Kijken en bekeken worden, daarover lijkt het eerste deel van de voorstelling La création du monde 1923-2012 van choreograaf Faustin Linyekula vooral te gaan. Telkens richten de dansers hun blik naar solo’s die temidden van de groep van vijfentwintig dansers uitgevoerd worden of een groepsstuk op de vloer, of tonen zij zich beurtelings op het voortoneel aan het publiek.

De dansers van het Ballet de Lorraine dragen eerst dagelijkse kleding maar trekken even later nauwsluitende, glimmende en gekleurde pakken aan die als een tweede huid elke spier van het lichaam zichtbaar maken. In de weinig dwingende choreografie in dit eerste deel vertellen twee vrouwen een onhoorbaar verhaal, hun mimende monden gaan van rustig praten over in geluidloos geschreeuw dat de aanzet is van impulsen die door het hele lichaam trekken.

Het toneel zonder enige opsmuk, de volledige overgave in beweging, het tonen van menselijke emoties en de lijfelijke aanwezigheid van de dansers staan in schril contrast met de daarop volgende reconstructie van een deel van het ballet La création du monde uit 1923. De beeldtaal van kunstenaar Fernand Léger is leidend in het  ballet, de bewegingen van de dansers zijn ondergeschikt door de beperkte vrijheid van het lichaam in de kubistische kostuums en maskers van vissen, apen, vogels en goden, kleurrijk of met prints van tribale motieven. Choreograaf Faustin Linyekula geeft in zijn voorstelling een bijtend commentaar op dit als eerste ‘negerballet’ geafficheerde werk. Ook in deze tijd geen overbodige boodschap na het door blanke dansers uitgevoerde ballet waarin destijds volledig werd voorbijgegaan aan de werkelijke situatie in Afrika, maar  waarop in de zaal van het Muziektheater nu nog bewonderende reacties als ‘prachtig’ te horen zijn.

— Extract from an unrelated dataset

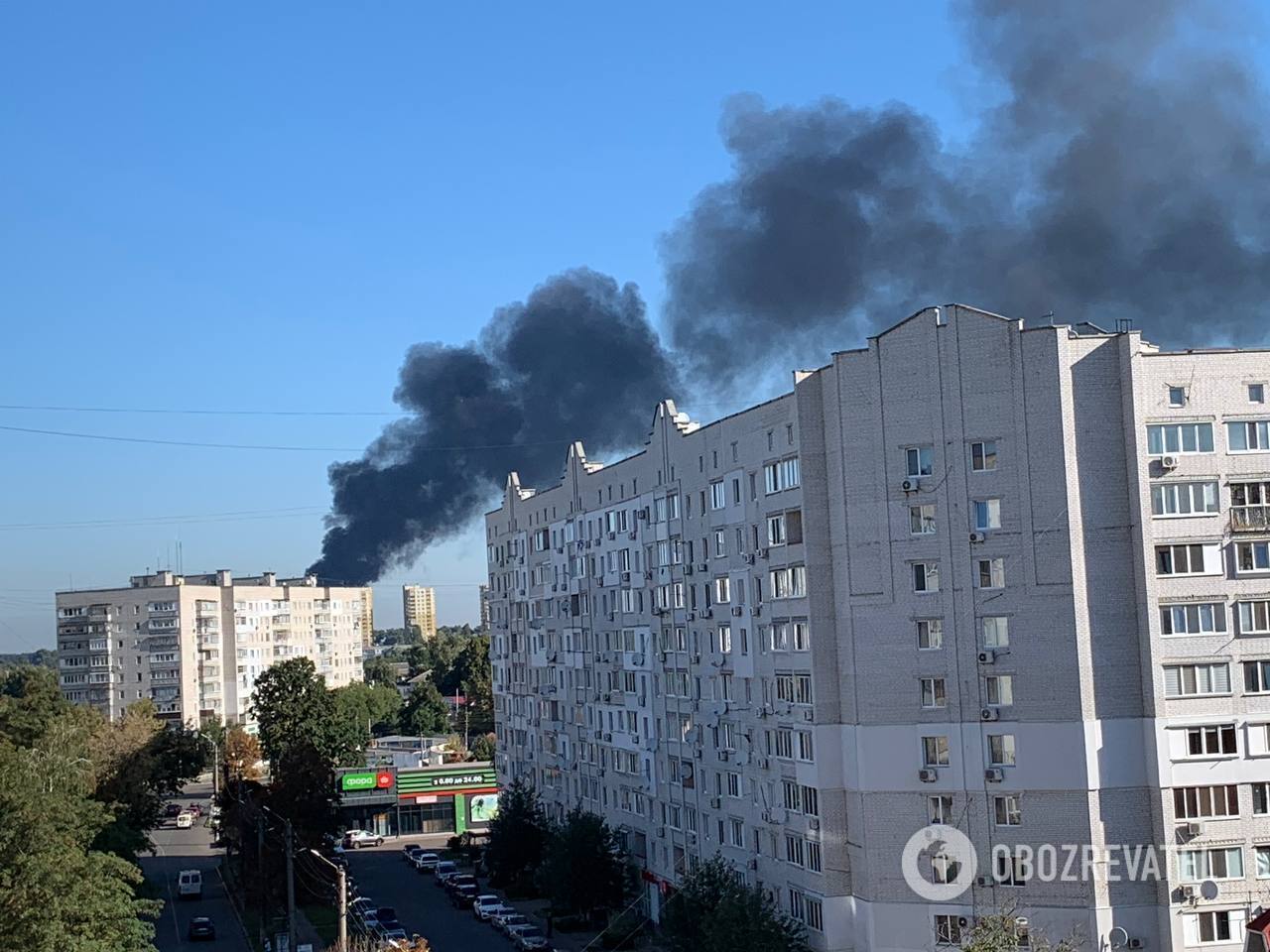 У Борисполі сталася пожежа на підприємстві, гасили пів дня. Фото і відео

Waar Linyekula in het eerste deel van La création du monde 1923-2012 met zijn eigentijdse danskunst een reactie op de stuitende blik van weleer lijkt te willen formuleren, verheft hij in de epiloog zijn stem. En ondanks dat het interessant is om een deel van de reconstructie te zien die de exotische en elementaire kijk van de makers op het Afrikaanse continent blootlegt die destijds als avantgardistisch werd gepresenteerd, weet de voorstelling met name door die gekozen structuur als geheel jammergenoeg onvoldoende te overtuigen.